La manera más eficaz de enseñar la religión en el hogar no consiste en predicarla, sino en vivirla. Si queréis enseñar la fe en Dios, mostrad, vosotros mismos la fe en El; si vais a enseñar la oración, vosotros mismos tendréis que orar. ¿ Deseáis que- sean templados? Entonces vosotros mismos cesad vuestra inmoderación. Si queréis que vuestros hijos lleven una vida de virtud, de dominio sobre sí, de buena reputación, dadles un ejemplo digno de ser emulado, en todas estas cosas. El niño que se cría en tal ambiente adquirirá la fuerza necesaria para hacer frente a las dudas, preguntas y anhelos que agitarán su alma cuando le llegue el verdadero período de despertamiento religioso a los 12 ó 14 años.

Entonces es cuando necesita la enseñanza positiva concerniente a Dios y la verdad y sus relaciones con otros. La actividad en la Iglesia es una protección muy buena durante la juventud. El ausentarse continuamente de la Iglesia fácilmente resulta en una ausencia permanente. Otros intereses y asuntos en la vida causan que el joven que va creciendo manifieste indiferencia hacia la religión.

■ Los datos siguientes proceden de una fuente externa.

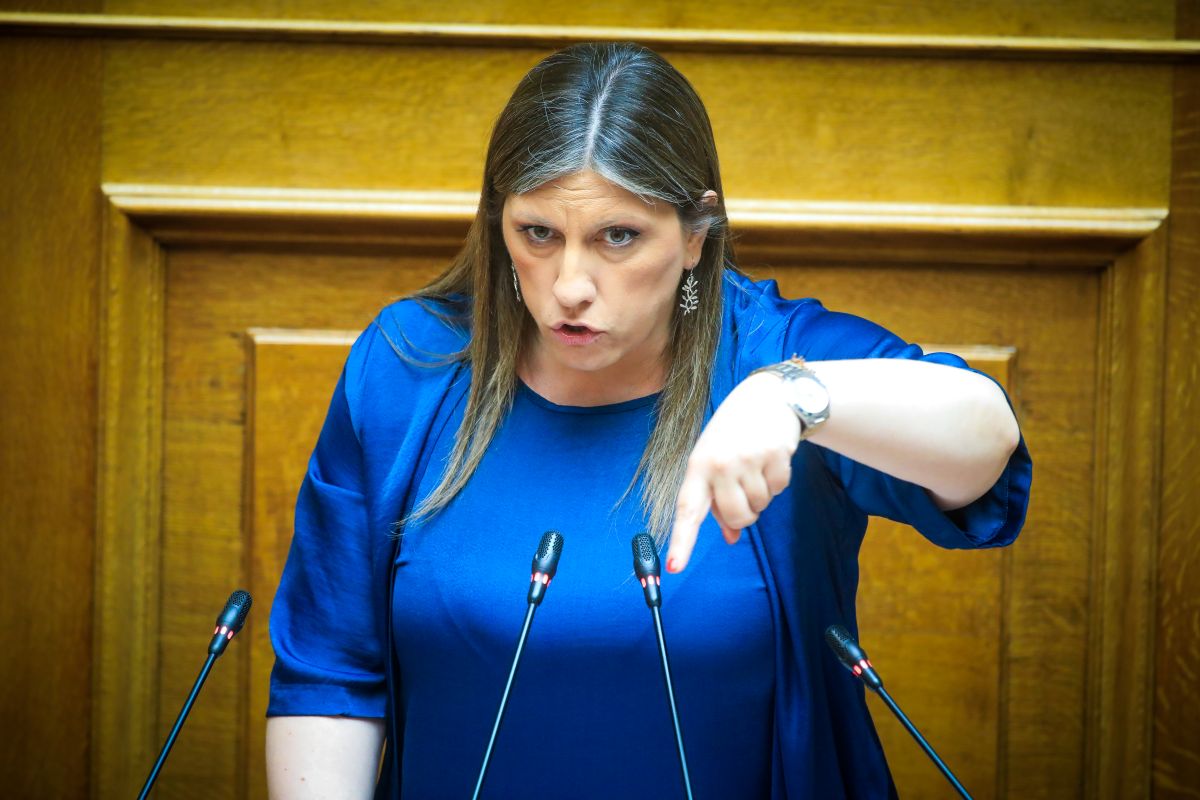 Ζωή Κωνσταντοπούλου στη Βουλή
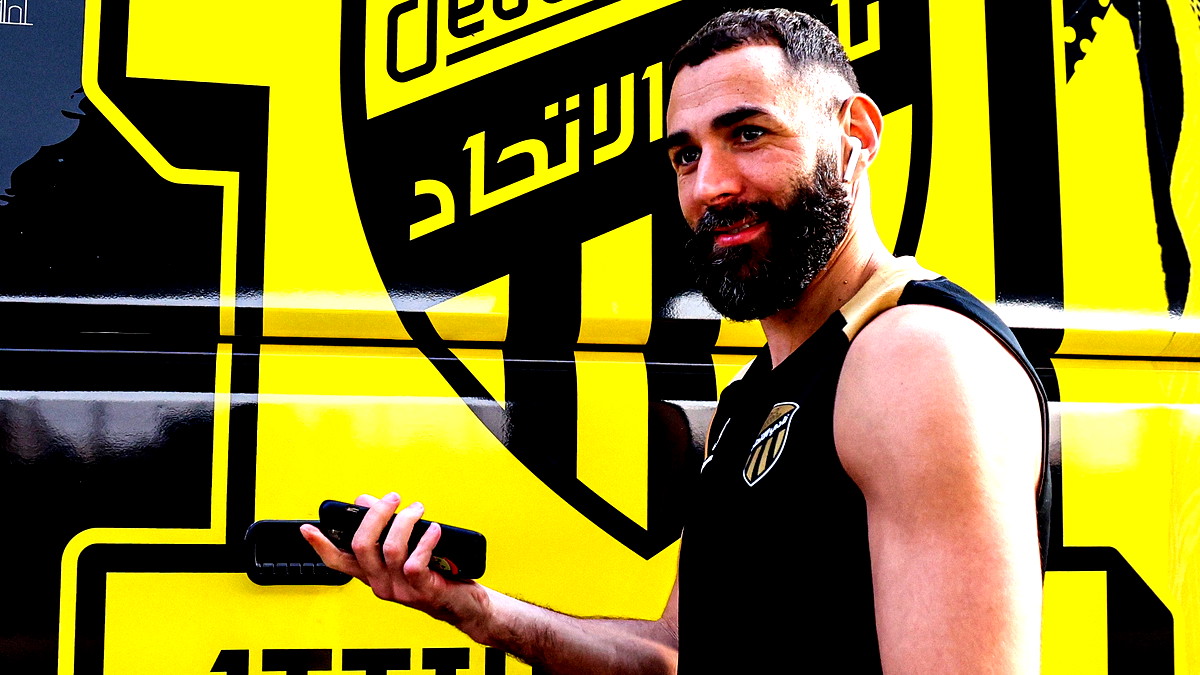 كريم بنزيما يدرس اعتزال كرة القدم والالتحاق بمهمة جديدة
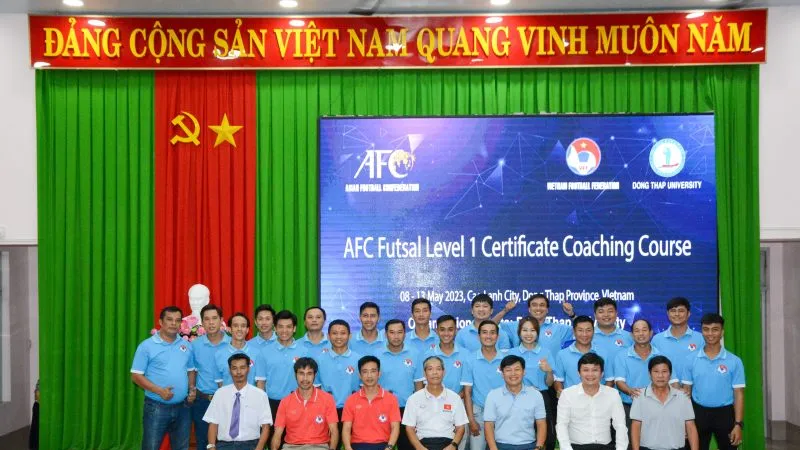 Các học viên cùng Ban tổ chức lớp học chụp hình lưu niệm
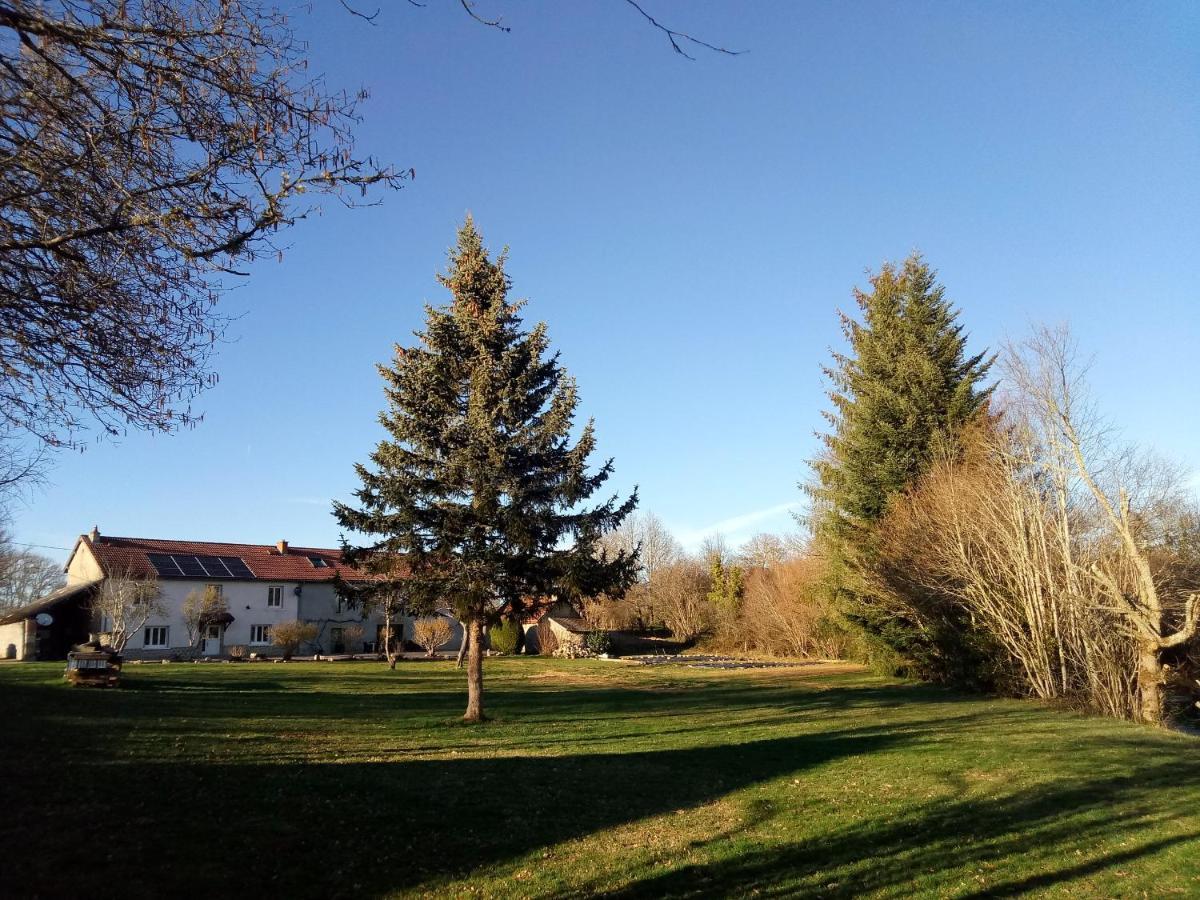 Chambres D'Hotes Quatre Mains Saint-Priest-des-Champs Exteriör bild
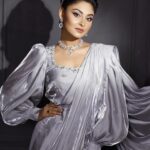 Naznin Nahar Niha Instagram - Makeup - @zahidkhanbridalmakeover Outfit - @safiya_sathi Photography - M H Bipu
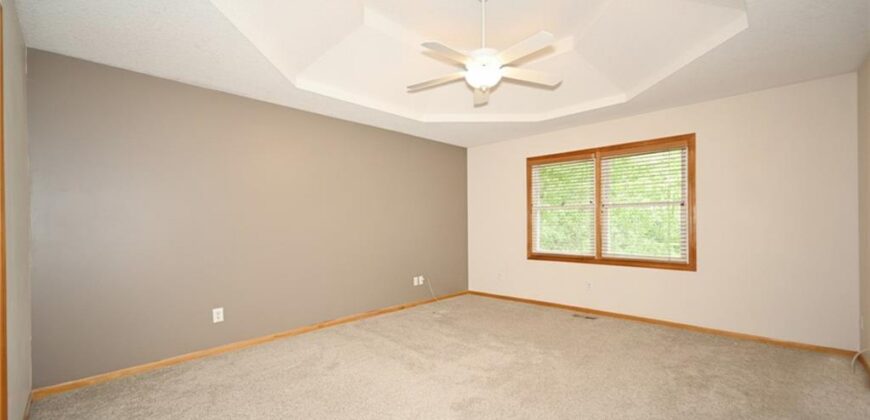 4921 N Washington Street, Kansas City, MO 64118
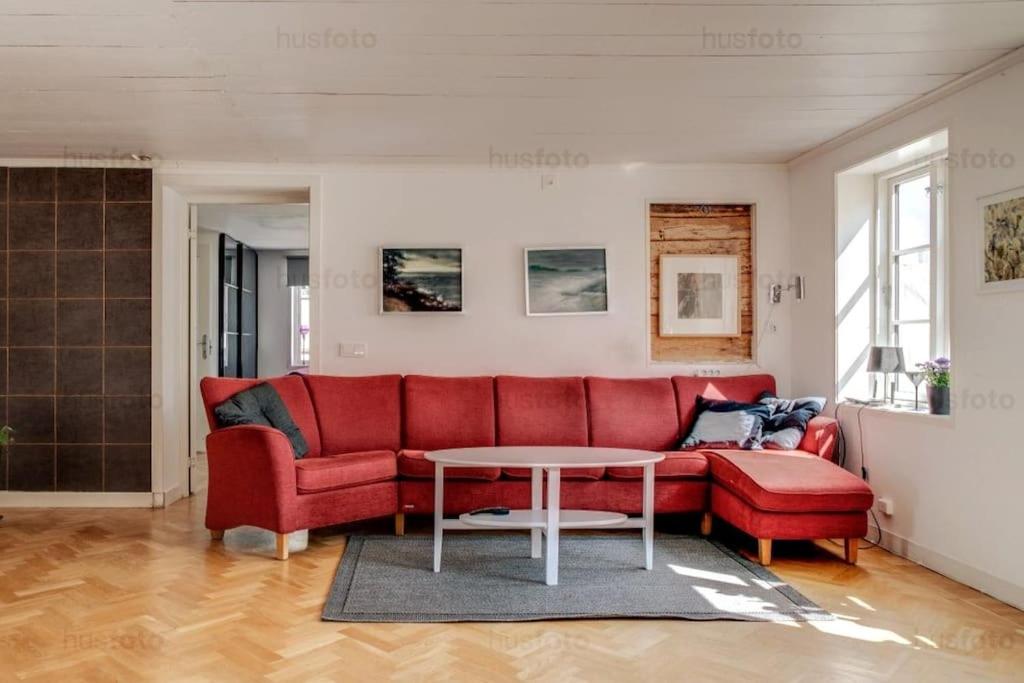 Three-Bedroom Apartment with Balcony - Photo 1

Con respecto a la responsabilidad que los padres tienen de enseñar religión a sus hijos, el Señor declara explícitamente en Doctrinas y Convenios, Sección 68, versículos 25 al 28:

“Y además, si hubiere en Sión, o en cualquiera de sus estacas organizadas, padres que tuvieren hijos, y no les enseñaren a comprender la doctrina del arrepentimiento, de la fe en Cristo, el Hijo del Dios viviente, del bautismo y del don del Espíritu Santo por la imposición de manos, cuando éstos tuvieren ocho años de edad, el pecado recaerá sobre la cabeza de los padres.

“Porque ésta será una ley y para los habitantes de Sión, o cualquiera de sus estacas organizadas.

“Y sus hijos serán bautizados para la remisión de sus pecados cuando tengan ocho años de edad, y recibirán la imposición de manos.

“Y también han de enseñar a sus hijos a orar y a andar rectamente delante del Señor.”

Hermanas y hermanos, procuremos tener menos hogares divididos, y tengamos armonía y paz en nuestras casas. De estos hogares saldrán hombres y mujeres impulsados por el deseo de edificar, no destruir.

De este modo, en nuestros hogares, nuestras ramas y estacas, podremos ser uno con los mensajeros nombrados que obran en las misiones organizadas, para proclamar concordablemente el evangelio restaurado de paz a los confines de la tierra.

“Seguid con pasos reverentes el gran ejemplo de aquel cuya santa obra fué hacer el bien. Así toda la tierra parecerá ser el templo de nuestro Padre, y cada vida llena de amor será un salmo de gratitud. Entonces será rota toda cadena, y el estruendoso fragor del grito de guerra no se oirá más sobre la tierra. El amor hollará el desastroso fuego de la ira, y en sus cenizas plantará el árbol de la paz.” (Whittier).

Espero que en el corazón de aquellos que escuchan se haya despertado el entendimiento de que el ejemplo en el hogar es enteramente esencial a la proclamación de la paz en el mundo. El extranjero que venga a visitarnos verá que nuestras vidas concuerdan con la proclamación de paz, con el pabellón de paz que la Iglesia ha izado delante del mundo. Oh Padre, ayúdanos para que así seamos bendecidos por la orientación de tu Santo Espíritu, suplicamos en el nombre de Jesucristo. Amén.